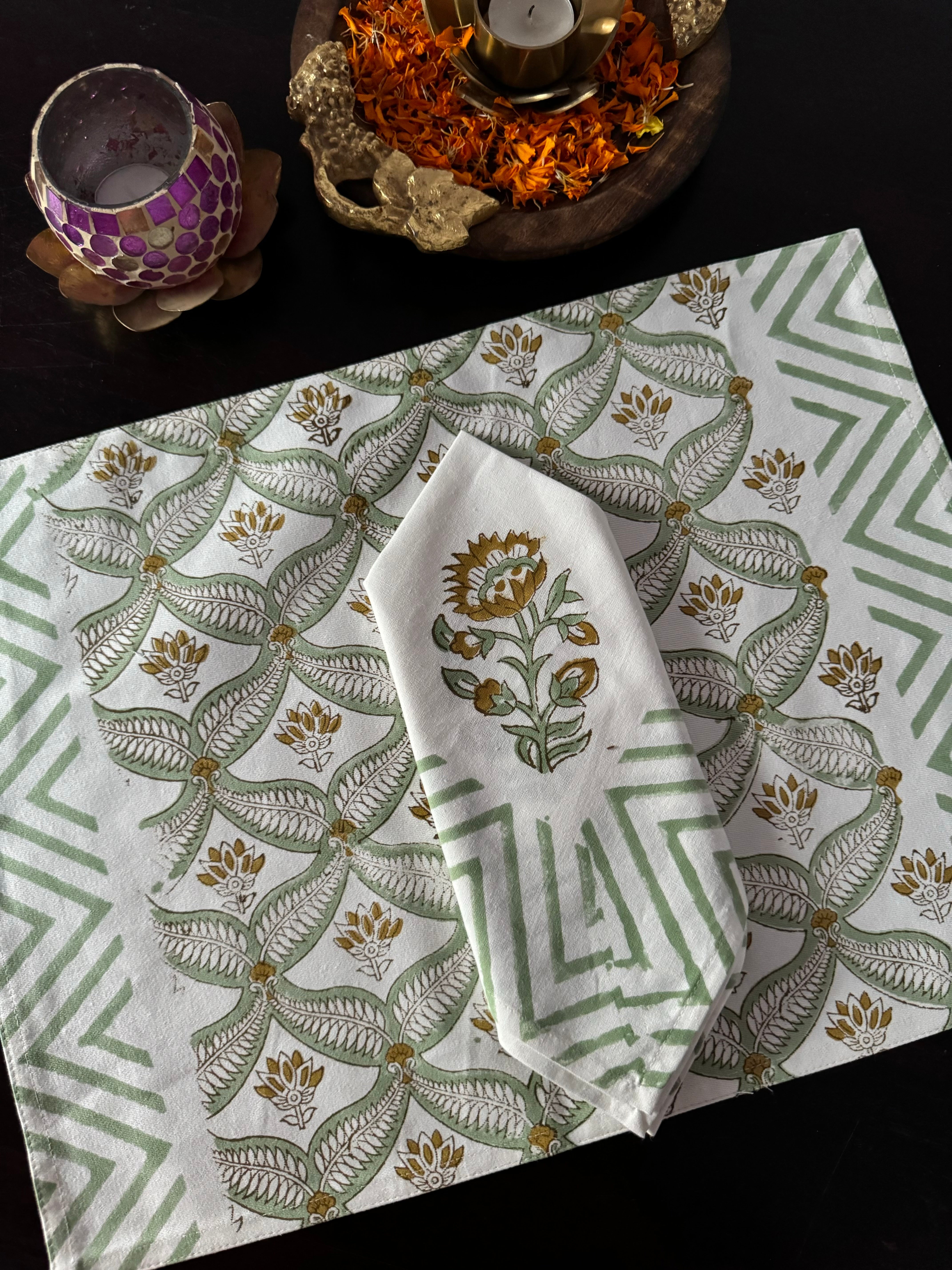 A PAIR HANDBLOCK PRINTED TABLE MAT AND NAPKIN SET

---*---

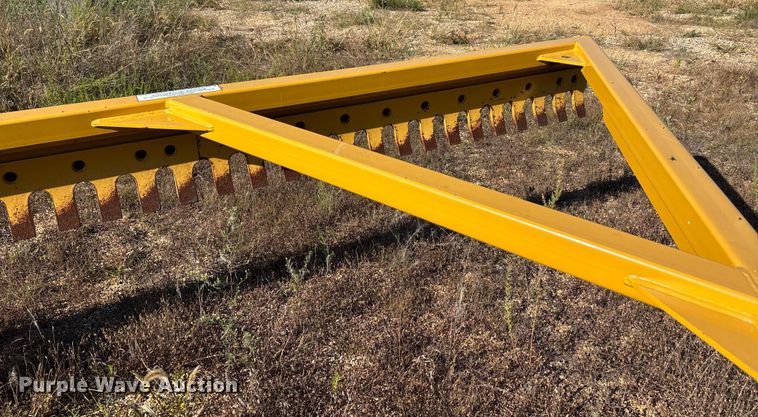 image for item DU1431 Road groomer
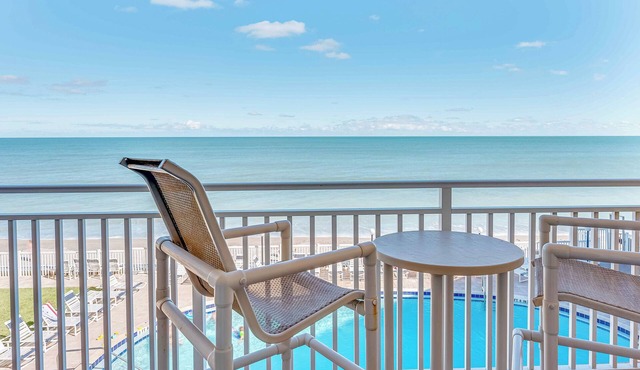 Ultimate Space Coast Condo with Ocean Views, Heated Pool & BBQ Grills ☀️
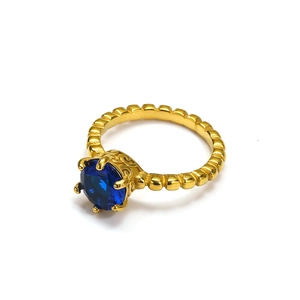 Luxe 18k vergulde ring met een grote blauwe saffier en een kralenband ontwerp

---*---

• Try it
Using the data above, return the lines from the one holding "image for item DU1431 Road groomer" through the one holding "Luxe 18k vergulde" exactly, but not the pictures.

• Response area
 image for item DU1431 Road groomer
 Ultimate Space Coast Condo with Ocean Views, Heated Pool & BBQ Grills ☀️
 Luxe 18k vergulde ring met een grote blauwe saffier en een kralenband ontwerp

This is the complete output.